Театральная чашка Петри
Каждый раз, приступая к обзору минувшего театрального сезона, пишущий эти заметки обозреватель должен окинуть общим взглядом всю показанную массу московских спектаклей (личный счет: более 100 премьер увиденных на столичных подмостках), что в принципе возможно, а вот с оценкой увиденного, точнее с установкой по какому критерию судить и оценивать, отделять зерна от плевел – все сложнее. Что необходимо положить в основание этого критерия: социальную значимость? эстетическую завершенность? этическое наполнение? классичность или новаторский посыл?.. Что выбрать единицей измерения: труд постановщика? актерскую работу? драматургию? На чем делать акцент на провалах сезона или наоборот успехах? Ответ «объективно учитывать все» не вполне годится. Потому что нет той устойчивости объекта, которая прежде поддавалась анализу, увы, все критерии смазаны, все картины сдвинуты, оценки приходится формировать по ходу, без достаточных на то оснований.

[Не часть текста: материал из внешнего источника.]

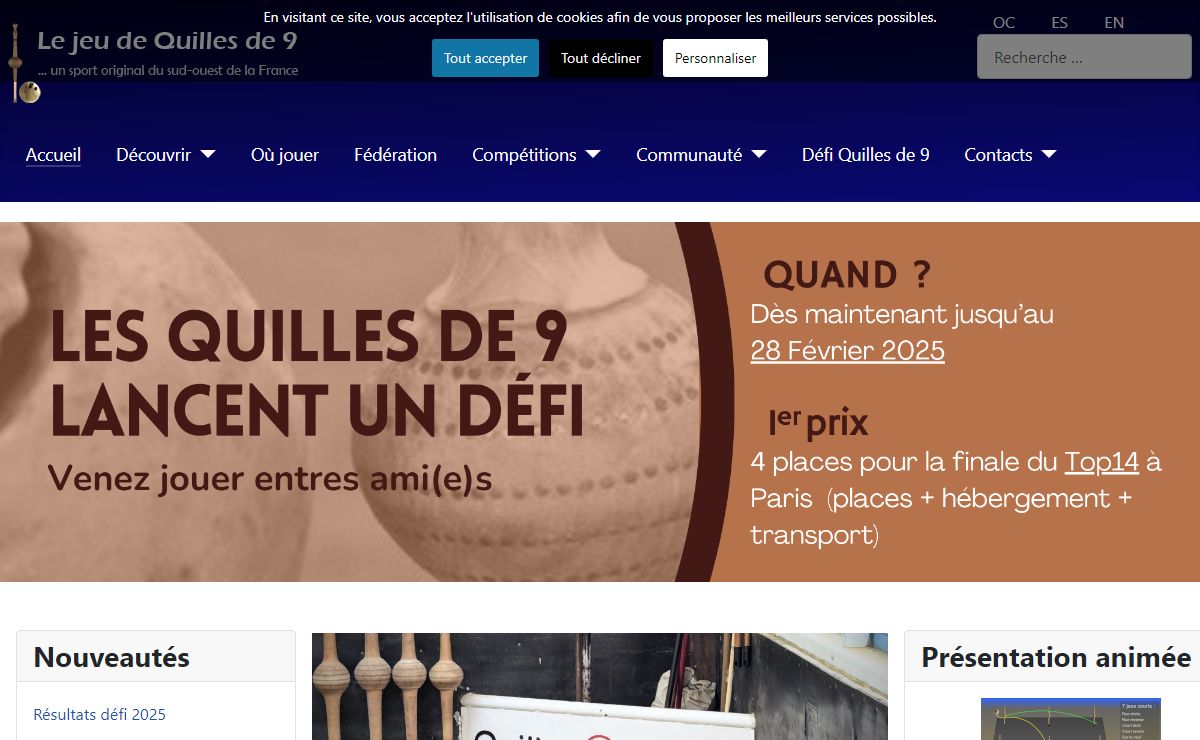 Accueil - Le jeu de Quilles de 9 (Site Officiel)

Вот хотя бы один пример. Одной из главных изюминок начала сезона предполагалась работа режиссера Миндаугаса Карбаускиса (Московский Академический театр им. Вл. Маяковского) над пьесой «Господин Пунтила и его слуга Матти». Пьеса в основе которой лежат отношения между поведением и аппетитом власти и слугами, не могла не вызывать определенных ожиданий среди публики. Подготовленный зритель смотрел спектакль в предвкушении аллюзий, но политической демонстрации не случилось. Эхом спектакля стала негативная реакция, многие осудили режиссера за лояльность. Однако режиссер с самого начала четко задал концепт, по которому поставлен конкретный спектакль и его цель: господа, перед вами бенефис большого актера, и Брехт – фон для симфонической актерской работы, выигрышный фон для замечательных перевоплощений. И действительно, Михаил Филиппов явил себя в полном блеске метафорической игры, а вместе с ним и Театр показал, чья кровь дает ему жизнь – актерская. Маяковка находится в прекрасной творческой форме. Эпоха безвременья остается позади.

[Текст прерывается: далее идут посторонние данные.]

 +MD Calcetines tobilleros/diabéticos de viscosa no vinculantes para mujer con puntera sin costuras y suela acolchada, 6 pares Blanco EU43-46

Да, многие театральные критики инкриминировали М. Карбаускису откровенную аполитичность. Однако это право режиссера расставлять акценты, какие он считает нужным. Да и странно требовать политического ракурса в Брехте от одного режиссера, а у другого подобного отсутствия не замечать. Особенно если вспомнить, что жанр пьесы – комедия. Поэтому с одной стороны мы увидели прекрасный бенефис Михаила Филиппова в роли господина Пунтила, с другой пережили в изложении лукавой притчи чудовищную модель самодурства – добродушие, мягкость, сердечность в подпитии главного героя и наглую, хамскую, жестокую линию этого же господина в трезвом состоянии, особенно в контексте бесправия большинства. Эти маски заметим, весьма ловко использует наш герой, манипулируя этими перепадами власти (постепенно начинает казаться, что Пунтила как Шен Те играет доброго/злого персонажа). А снисходительность отношения к состоянию «запой – похмелье» порождает инфернальные результаты. Зло сменит Добро с такой же случайностью, как Добро вдруг отменит Зло. Вот почему так впечатляет финальный монолог господина Пунтила на «трибуне-троне» из ящиков из-под выпитых бутылок, страшен по своей обнаженной сути: обрывающееся «Вижу чудное приволье…», финал под гнетом угарно-сонливого патриотизма одного и усталое бессилие остальных. Так сладкое становится безжалостно горьким приговором обществу.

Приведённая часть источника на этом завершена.